Web page caption snippets:

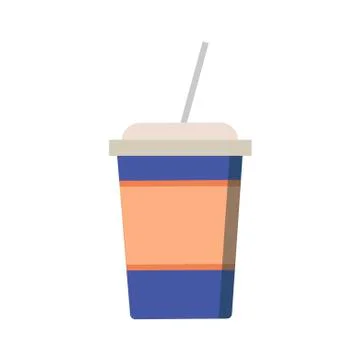 Coffee paper cup on white background. Vector illustration in trendy flat style Stock Illustration
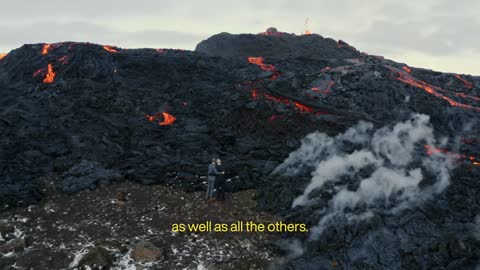 Couple get married in front of erupting volcano in Iceland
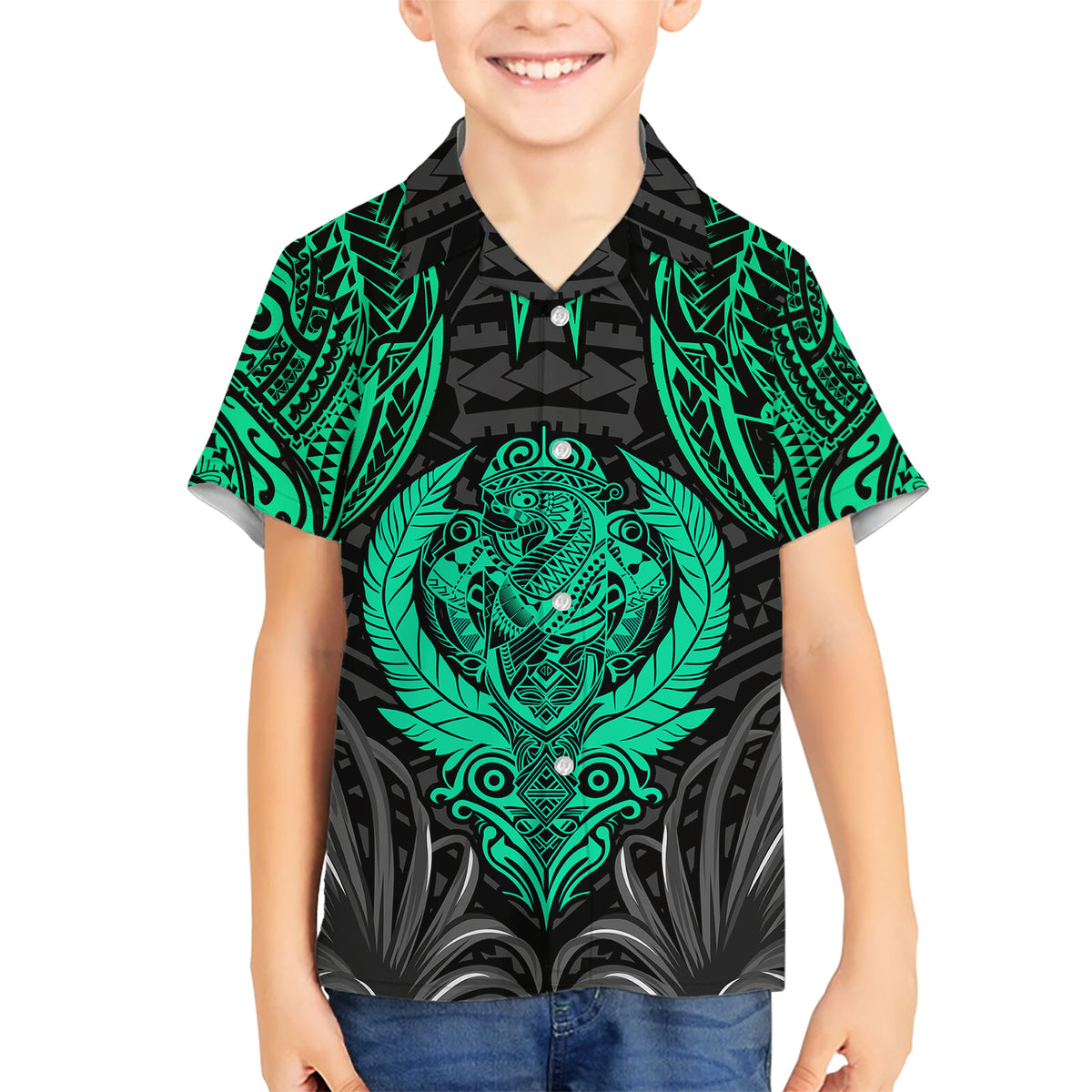 Polynesian Kid Hawaiian Shirt Abstract Tiki TS04 Kid Black/Yellow - Polynesian Pride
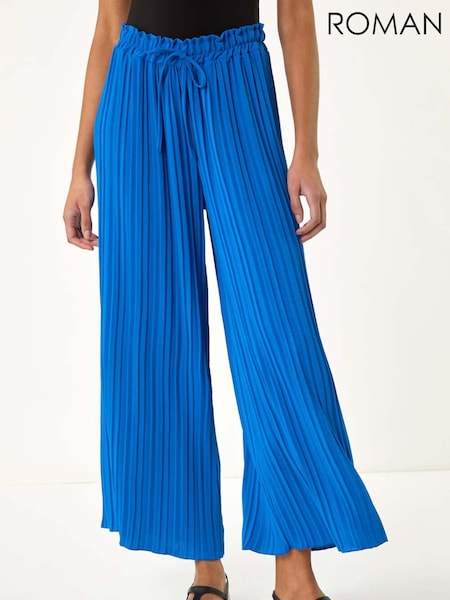 Roman Blue Pleated Wide Leg Culottes (H20503) | 223 QAR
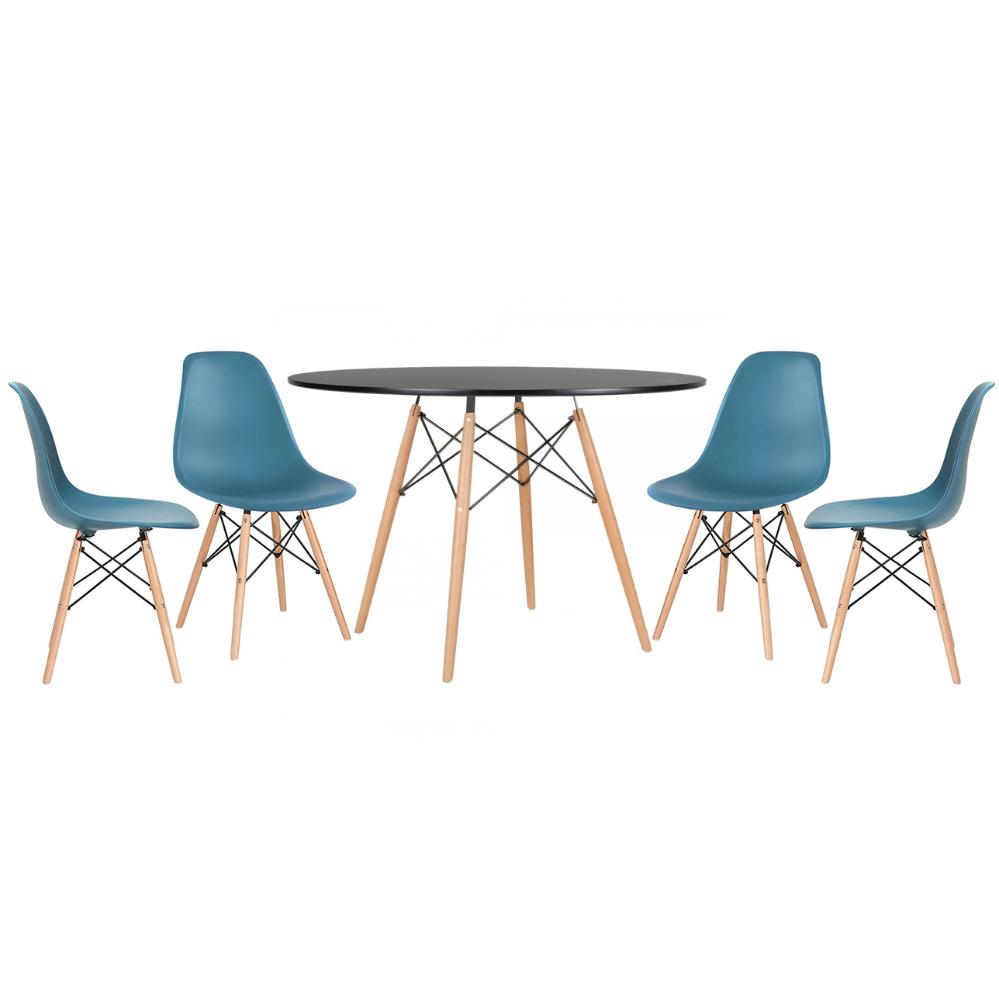 Mesa redonda Eames 120 cm preto + 4 cadeiras Eiffel DSW Turquesa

▶ Work to be completed:
Output exactly and only the lines from the line containing "Polynesian Kid Hawaiian" to the end of the entries, both included, and omit every picture.

▶ Task solution:
 Polynesian Kid Hawaiian Shirt Abstract Tiki TS04 Kid Black/Yellow - Polynesian Pride
 Roman Blue Pleated Wide Leg Culottes (H20503) | 223 QAR
 Mesa redonda Eames 120 cm preto + 4 cadeiras Eiffel DSW Turquesa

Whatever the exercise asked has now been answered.